Thank you very much.

>>...The trivial solution is to check for each point if it matches with the next one..but the running time complexity would
>>then be O(N^2).. Any idea is welcome...

In the solution you're considering a sorting step ( by x and y ) needs to be added. Also, if you really want to learn how to do it properly please take a look at how Relational Database Management Systems ( DBMSs ) do a GROUP BY of a data set.
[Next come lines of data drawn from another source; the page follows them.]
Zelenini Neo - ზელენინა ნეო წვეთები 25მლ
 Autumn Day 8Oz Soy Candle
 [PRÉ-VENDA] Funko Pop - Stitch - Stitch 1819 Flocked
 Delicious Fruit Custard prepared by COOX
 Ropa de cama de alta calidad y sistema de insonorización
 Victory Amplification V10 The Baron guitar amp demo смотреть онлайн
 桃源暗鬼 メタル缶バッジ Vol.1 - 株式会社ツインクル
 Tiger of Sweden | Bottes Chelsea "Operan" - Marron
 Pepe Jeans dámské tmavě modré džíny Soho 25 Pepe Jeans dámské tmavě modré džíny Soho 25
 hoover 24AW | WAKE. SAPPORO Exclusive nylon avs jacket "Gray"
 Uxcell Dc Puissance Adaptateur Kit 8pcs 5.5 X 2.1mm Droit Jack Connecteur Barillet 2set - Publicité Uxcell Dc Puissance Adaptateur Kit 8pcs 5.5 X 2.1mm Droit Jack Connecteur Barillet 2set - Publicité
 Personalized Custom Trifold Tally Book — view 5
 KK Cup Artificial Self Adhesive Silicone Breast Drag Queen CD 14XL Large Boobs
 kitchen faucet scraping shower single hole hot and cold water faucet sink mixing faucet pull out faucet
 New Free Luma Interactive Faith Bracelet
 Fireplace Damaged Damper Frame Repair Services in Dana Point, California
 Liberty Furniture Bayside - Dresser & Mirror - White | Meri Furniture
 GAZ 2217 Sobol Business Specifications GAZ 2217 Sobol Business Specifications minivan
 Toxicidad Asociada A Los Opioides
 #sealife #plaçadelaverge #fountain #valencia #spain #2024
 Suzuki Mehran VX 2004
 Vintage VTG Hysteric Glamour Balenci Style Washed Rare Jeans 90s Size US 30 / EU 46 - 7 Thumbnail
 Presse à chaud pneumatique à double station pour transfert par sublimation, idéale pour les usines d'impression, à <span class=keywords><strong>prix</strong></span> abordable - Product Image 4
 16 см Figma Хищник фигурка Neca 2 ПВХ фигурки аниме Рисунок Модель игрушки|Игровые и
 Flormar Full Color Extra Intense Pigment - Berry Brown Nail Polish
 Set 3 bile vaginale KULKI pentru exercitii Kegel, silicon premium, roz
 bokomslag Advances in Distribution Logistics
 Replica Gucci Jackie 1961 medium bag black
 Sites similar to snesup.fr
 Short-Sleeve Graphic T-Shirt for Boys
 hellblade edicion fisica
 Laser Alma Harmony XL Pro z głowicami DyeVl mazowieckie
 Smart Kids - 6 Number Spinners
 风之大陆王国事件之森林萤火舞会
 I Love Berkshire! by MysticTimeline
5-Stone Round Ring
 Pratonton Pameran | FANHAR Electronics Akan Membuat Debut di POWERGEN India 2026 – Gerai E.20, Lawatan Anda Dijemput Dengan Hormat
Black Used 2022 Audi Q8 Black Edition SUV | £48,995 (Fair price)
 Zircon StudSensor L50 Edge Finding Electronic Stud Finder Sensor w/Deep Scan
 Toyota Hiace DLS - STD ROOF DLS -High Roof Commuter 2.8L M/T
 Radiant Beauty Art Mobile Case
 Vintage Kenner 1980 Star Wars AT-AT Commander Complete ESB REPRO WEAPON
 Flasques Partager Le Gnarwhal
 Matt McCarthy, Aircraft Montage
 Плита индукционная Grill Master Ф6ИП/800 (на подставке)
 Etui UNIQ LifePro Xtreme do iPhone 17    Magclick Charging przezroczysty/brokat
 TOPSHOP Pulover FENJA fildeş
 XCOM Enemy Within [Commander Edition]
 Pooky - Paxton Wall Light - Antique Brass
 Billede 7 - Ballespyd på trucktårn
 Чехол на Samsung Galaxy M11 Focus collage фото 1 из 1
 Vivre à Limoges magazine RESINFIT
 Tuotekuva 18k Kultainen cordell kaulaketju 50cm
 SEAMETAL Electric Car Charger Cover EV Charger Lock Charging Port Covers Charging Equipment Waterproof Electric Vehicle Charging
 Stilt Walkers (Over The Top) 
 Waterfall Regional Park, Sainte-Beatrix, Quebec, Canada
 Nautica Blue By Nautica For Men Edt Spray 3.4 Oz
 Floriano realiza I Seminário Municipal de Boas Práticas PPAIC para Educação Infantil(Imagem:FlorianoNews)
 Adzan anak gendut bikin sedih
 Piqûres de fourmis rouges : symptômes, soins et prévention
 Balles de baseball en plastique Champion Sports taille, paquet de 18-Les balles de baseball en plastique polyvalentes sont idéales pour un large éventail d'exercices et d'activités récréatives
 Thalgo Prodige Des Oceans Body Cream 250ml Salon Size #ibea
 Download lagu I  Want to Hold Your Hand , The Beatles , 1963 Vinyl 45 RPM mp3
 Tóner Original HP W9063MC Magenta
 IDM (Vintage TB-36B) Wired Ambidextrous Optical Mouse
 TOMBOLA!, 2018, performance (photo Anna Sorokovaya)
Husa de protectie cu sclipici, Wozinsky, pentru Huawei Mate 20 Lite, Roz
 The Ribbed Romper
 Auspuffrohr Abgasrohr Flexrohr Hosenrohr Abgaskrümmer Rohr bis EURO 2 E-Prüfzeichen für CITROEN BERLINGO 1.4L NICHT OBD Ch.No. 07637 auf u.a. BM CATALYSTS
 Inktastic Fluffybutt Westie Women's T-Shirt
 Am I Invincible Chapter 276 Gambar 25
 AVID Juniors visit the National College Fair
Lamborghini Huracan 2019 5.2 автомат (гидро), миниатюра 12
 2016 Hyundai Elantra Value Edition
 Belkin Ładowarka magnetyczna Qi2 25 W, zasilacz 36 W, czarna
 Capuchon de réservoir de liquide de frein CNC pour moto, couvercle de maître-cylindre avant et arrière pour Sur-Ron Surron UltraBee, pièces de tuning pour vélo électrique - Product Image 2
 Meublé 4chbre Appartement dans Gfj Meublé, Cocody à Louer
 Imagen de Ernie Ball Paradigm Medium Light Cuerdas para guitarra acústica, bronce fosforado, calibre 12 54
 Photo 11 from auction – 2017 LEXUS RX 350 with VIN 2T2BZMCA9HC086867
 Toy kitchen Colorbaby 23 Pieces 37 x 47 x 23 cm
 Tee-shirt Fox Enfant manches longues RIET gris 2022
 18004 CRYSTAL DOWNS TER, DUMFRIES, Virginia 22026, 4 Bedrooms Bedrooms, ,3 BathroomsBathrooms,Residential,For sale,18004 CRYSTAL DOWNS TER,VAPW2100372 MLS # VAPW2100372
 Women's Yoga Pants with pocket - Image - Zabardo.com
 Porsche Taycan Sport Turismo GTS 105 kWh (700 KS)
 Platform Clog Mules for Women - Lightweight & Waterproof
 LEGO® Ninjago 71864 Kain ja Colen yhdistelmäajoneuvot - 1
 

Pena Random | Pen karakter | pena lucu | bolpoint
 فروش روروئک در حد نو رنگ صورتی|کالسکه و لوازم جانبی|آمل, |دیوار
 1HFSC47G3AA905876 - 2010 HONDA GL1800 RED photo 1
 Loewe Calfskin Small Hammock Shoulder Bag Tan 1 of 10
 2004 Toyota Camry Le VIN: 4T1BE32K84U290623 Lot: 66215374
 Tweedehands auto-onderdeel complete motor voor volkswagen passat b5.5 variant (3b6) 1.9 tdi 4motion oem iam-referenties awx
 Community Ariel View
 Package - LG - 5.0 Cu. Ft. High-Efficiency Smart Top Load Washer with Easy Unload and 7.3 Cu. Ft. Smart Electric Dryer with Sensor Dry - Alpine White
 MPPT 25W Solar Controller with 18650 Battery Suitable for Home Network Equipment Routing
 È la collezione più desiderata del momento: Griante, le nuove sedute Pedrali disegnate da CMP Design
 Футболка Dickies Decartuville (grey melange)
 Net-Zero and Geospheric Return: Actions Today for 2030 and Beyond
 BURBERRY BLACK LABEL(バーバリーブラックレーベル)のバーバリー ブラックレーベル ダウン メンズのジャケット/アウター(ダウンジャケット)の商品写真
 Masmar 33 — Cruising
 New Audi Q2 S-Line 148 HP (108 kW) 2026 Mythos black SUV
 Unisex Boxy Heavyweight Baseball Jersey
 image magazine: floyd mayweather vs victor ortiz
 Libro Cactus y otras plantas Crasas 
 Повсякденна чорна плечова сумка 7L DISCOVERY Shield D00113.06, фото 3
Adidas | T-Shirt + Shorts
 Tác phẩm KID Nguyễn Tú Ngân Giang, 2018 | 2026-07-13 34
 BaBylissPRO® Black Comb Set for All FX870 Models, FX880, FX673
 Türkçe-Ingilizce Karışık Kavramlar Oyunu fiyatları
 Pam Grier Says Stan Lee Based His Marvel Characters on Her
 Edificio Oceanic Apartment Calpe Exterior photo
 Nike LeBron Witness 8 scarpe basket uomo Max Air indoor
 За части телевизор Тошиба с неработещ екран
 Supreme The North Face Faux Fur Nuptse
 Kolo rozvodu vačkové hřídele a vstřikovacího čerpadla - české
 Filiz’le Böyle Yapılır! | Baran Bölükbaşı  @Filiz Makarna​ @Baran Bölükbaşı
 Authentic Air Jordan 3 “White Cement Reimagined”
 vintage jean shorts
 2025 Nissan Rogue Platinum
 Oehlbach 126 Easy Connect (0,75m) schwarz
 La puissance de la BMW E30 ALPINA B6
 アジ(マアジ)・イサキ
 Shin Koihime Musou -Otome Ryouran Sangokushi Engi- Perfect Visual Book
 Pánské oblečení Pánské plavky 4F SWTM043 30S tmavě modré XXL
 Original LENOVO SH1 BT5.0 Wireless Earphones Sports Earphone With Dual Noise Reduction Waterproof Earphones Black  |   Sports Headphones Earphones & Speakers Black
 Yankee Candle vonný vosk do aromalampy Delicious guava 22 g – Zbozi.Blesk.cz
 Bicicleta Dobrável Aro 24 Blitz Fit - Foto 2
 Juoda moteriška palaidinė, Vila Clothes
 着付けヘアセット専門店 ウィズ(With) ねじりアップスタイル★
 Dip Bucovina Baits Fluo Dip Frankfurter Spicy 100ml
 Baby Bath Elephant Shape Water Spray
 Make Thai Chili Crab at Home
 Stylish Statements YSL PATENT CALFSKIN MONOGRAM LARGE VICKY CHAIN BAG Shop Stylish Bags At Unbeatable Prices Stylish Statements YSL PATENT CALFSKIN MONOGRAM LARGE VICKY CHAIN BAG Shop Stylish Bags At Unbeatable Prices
Note: Even if it is Not related to IPP please take a look how simple it could be with an SQL query:

SELECT count(*), ptX, ptY FROM SomeTable GROUP BY ptX, ptY HAVING count(*)=1 ORDER BY ptX, ptY ASC

and it will create a data set with All Duplicates removed Ordered by X and Y values in Ascending order.

Do you use IPP library on a Linux or on Windows platform?

>>...In general the question would be how to remove duplicates in an array...

If the array is simple, that is a set of un-ordered values ( not pairs of un-ordered values like x and y ) then an algorithm based on a 1st part of the Pigeonhole sorting algorithm will remove all duplicates. A 2nd part ( reconstruction ) of the Pigeonhole sorting algorithm doesn't need to be used and it needs to be replaced with a compression. However, that algorithm is very sensitive to a range of values and ideally the range needs to be from 0 to 65536. Another limitation is that the algorithm can not be used with floating-point data types.

So, take a look at the Pigeonhole sorting algorithm.

>>...The trivial solution is to check for each point if it matches with the next one..but the running time complexity would
>>then be O(N^2).. Any idea is welcome...

STL's / Boost's map or MFC's CMapXxx classes could be used to detect and delete all duplicates in a data set.

Here is an example with MFC's class CMapStringToString ( however, it is Not the fastest one because it is a string based ):
...
CMapStringToString mS2S;
...
if( mS2S.Lookup( csKey, csKeyValue ) == FALSE ) // Not in a Result Set
{
...
mS2S.SetAt( csKey, csKeyValue );
...
}
else // Duplicate detected / Already in a Result Set
{
...
}